The plating layer purity of the obtained aluminum-plated steel sheet is
At 99.99%, the thickness was uniform and white, and the crystals were dense. Further, even if the steel sheet was repeatedly bent, cracks and peeling did not occur, and the processing and adhesion were good.

Example 2 Using the plating bath purified in Example 1, a cold-rolled steel sheet having a plate thickness of 0.5 mm was subjected to aluminum plating by pulse current. A cold-rolled steel sheet, which had been subjected to the same pretreatment as in Example 1, was used, and this steel sheet was used as a cathode and an aluminum plate (same as in Example 1) was used as an anode. Duty ratio of 1/10 to 1/1 /
100, average current density 0.1 to 30 A / dm ² . As a result, the thickness of the plating layer was uniform, and the appearance, workability, and adhesion were the same as those obtained by direct current plating. Also,
The plating layer purity was 99.98% or higher.

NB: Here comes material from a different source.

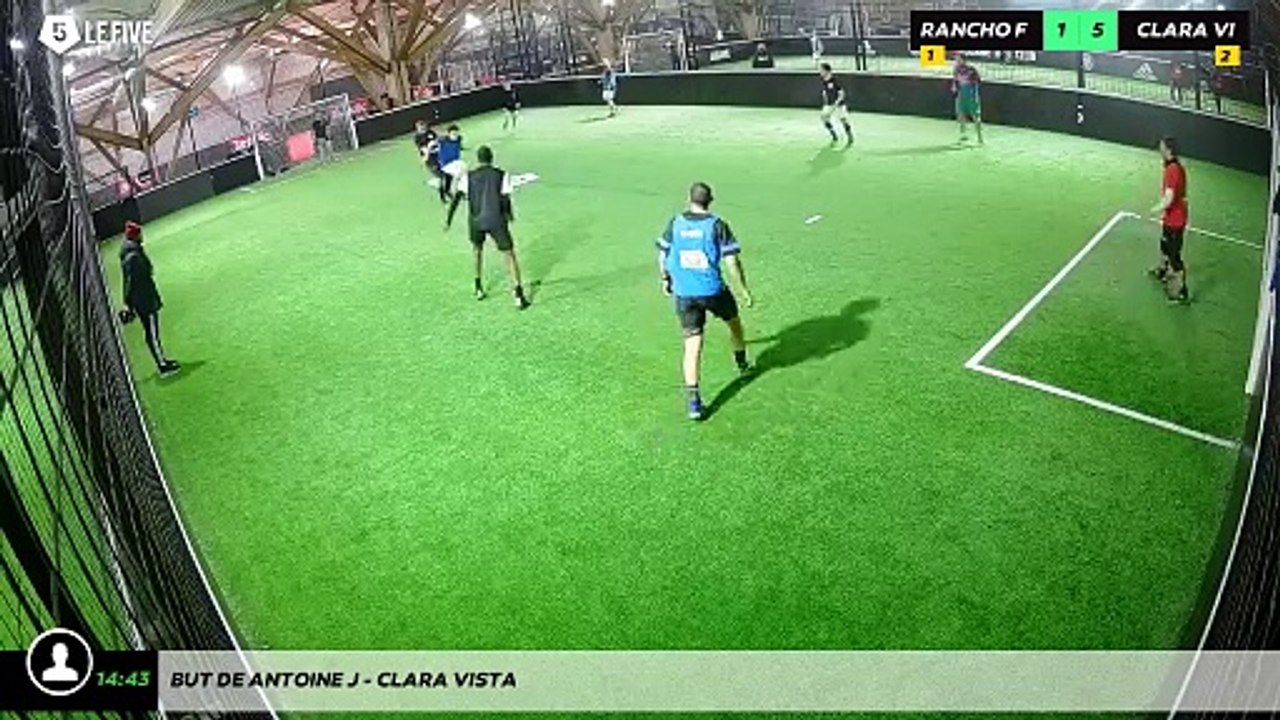 But de Antoine J - Clara Vista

In addition, Cu alloy and Ni alloy were plated in the same manner as above, but Al plating with a purity of 99.9% or more was possible.

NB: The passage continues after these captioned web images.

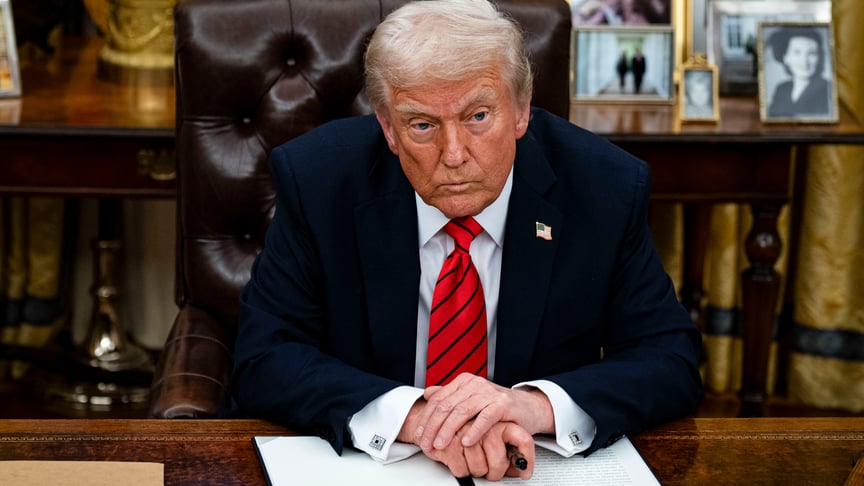 Трамп: Украинадағы соғысты шешу ойлағанымнан қиын екен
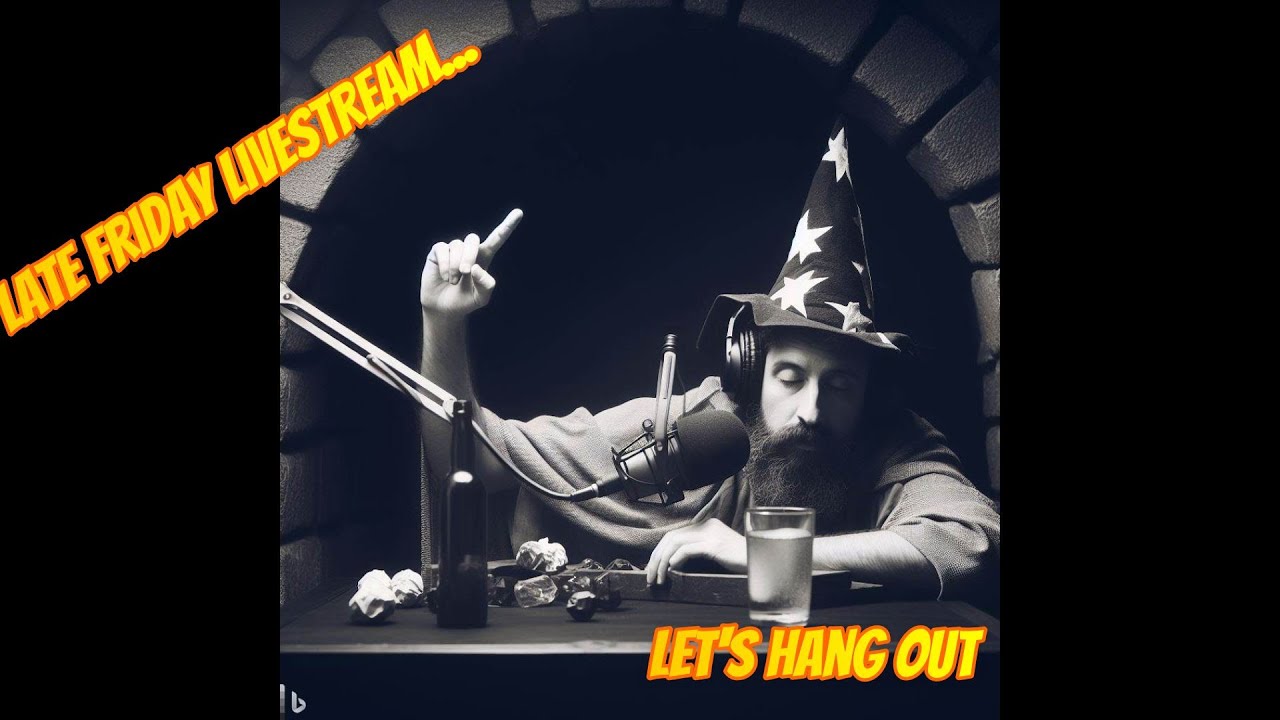 Friday Night Latestream
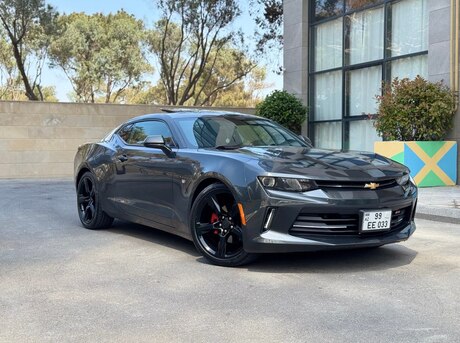 Chevrolet Camaro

Comparative Example A cold rolled steel sheet subjected to the same pretreatment as in Example 1 was kept in N ₂ atmosphere with 67 mol% of AlCl ₃ and butylpyridinium chloride 3.
A cold-rolled steel sheet (same thickness) with a thickness of 0.5 mm, which was pretreated in the same manner as in Example 1 using an unpurified molten salt plating bath containing 3 mol%, was used as a cathode and an aluminum plate (same as in Example 1). Was used as an anode, and aluminum was plated at a bath temperature of 80 ° C. and a direct current of 20 a / dm ^{2 for} 1 minute. The appearance of this plated steel sheet was gray, the crystals were rough, and the plating layer purity was 99.0%.

(Effect) As described above, according to the present invention, aluminum plating having a purity of 99.9% or more, a dense structure, and good workability can be performed. Therefore, the plated product can be used for precision parts such as electronic parts such as IC lead frames that require good bonding properties with aluminum wires and magnetic disks that utilize pores formed by alumite treatment.

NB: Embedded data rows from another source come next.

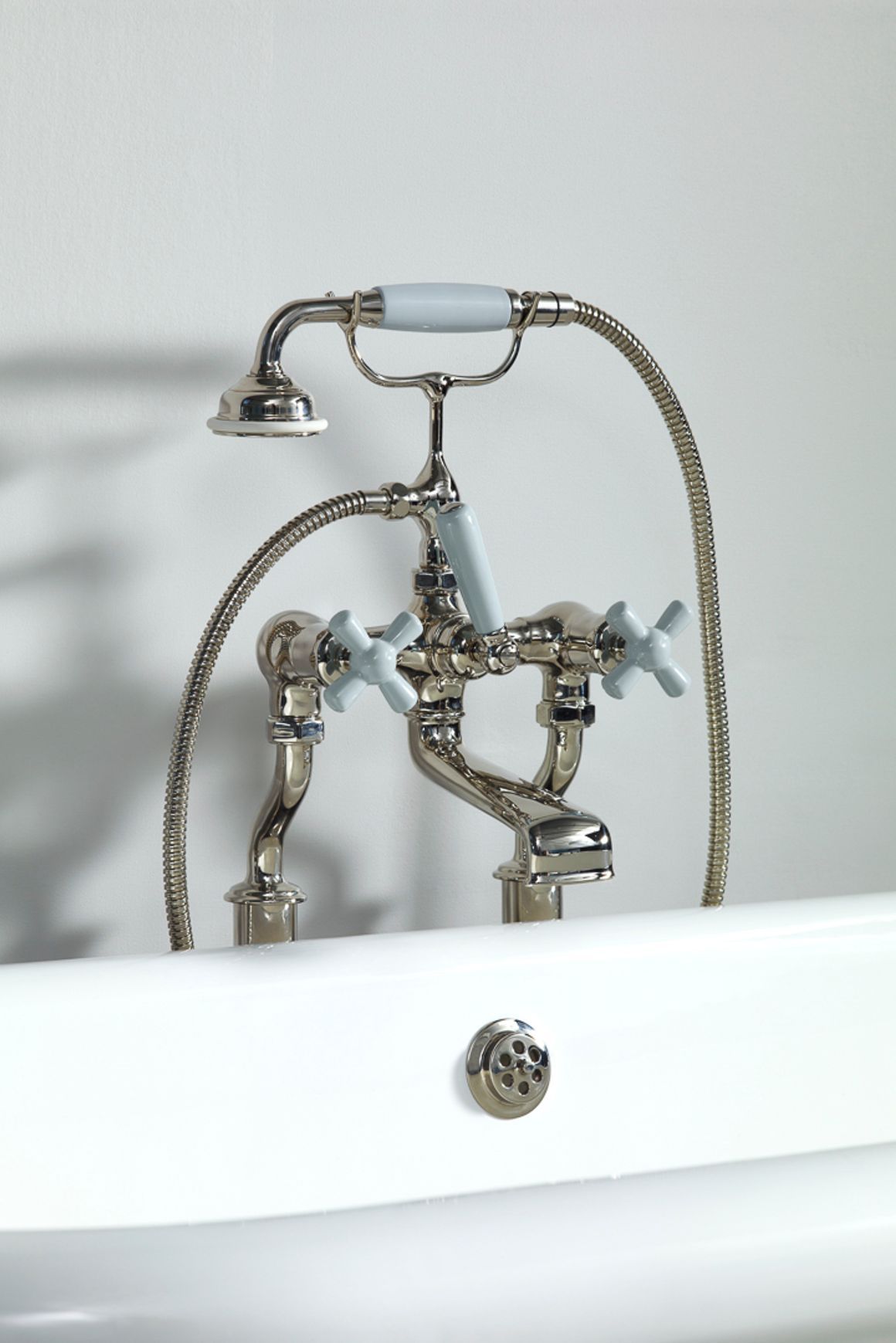 Powder Blue Rockwell Tapware - The Water Monopoly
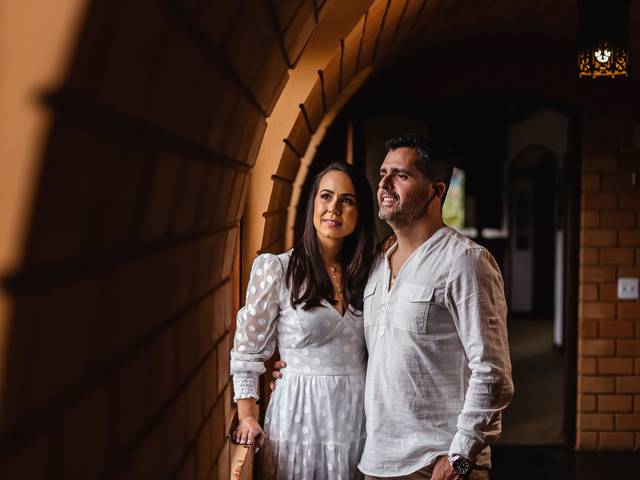 Pré Wedding de Carolina e Guilherme Pré Wedding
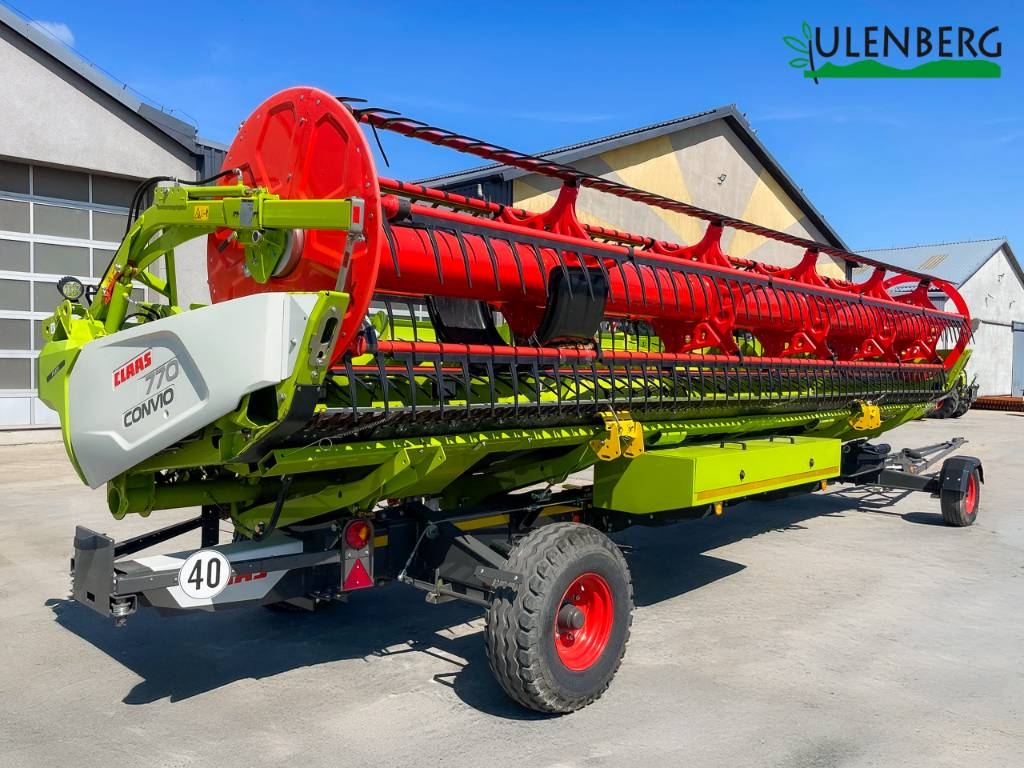 CLAAS CONVIO FLEX 770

Also, even if the bath temperature and current density are significantly higher than before,
Since no problem occurs in plating, high-speed plating is possible, productivity in the case of continuous plating can be improved, and plating cost can be reduced.

 ─────────────────────────────────────────────────── ─── Continuation of the front page (72) Ryozo Akama Inventor, Ryozo Akama 1 at 7 Takaya-shinmachi, Ichikawa-shi, Chiba Nisshin Steel Co., Ltd., New Materials Research Center (56) Reference JP-A-62-70592 (JP, A) Kai 62-70593 (JP, A) JP 61-243190 (JP, A)

Claims (3)

(57) [Claims] 1. An aluminum halide (AlX ₃ , provided that
X is Cl, Br, I) 50 to 80 mol% and an alkylpyridinium halide (C ₅ H ₅ N-RX, where R is an alkyl group having 1 to 5 carbon atoms and X is a halogen atom) 20 to 50 mol% A molten salt bath consisting of or and a mixture of this bath and an organic solvent are purified by pre-electrolyzing at a current density of 0.5 A / dm ² or less using metallic aluminum on both electrodes, and then aluminum is electroplated on the object to be plated. A method for electroplating aluminum, which comprises plating. 2. An aluminum halide (AlX ₃ , provided that
X is Cl, Br, I) 50 to 80 mol% and alkylpyridium halide (C ₅ H ₅ N-RX, where R is an alkyl group having 1 to 5 carbon atoms, X is a halogen atom) 20 to 50 mol % Molten salt bath or a mixture of this bath and an organic solvent is electrolyzed at a current density of 0.5 A / dm ² or less using metallic aluminum on both electrodes and then purified by direct current in a dry oxygen-free atmosphere. An electroaluminum plating method comprising electroplating aluminum on an object to be plated under an electrolytic condition of a bath temperature of 0 to 150 ° C. and a current density of 0.1 to 30 A / dm ² by an electric current or a pulse current. 3. The electroaluminum plating method according to claim 2, wherein the aluminum is electroplated on the object to be plated, and the anode is made of metal aluminum.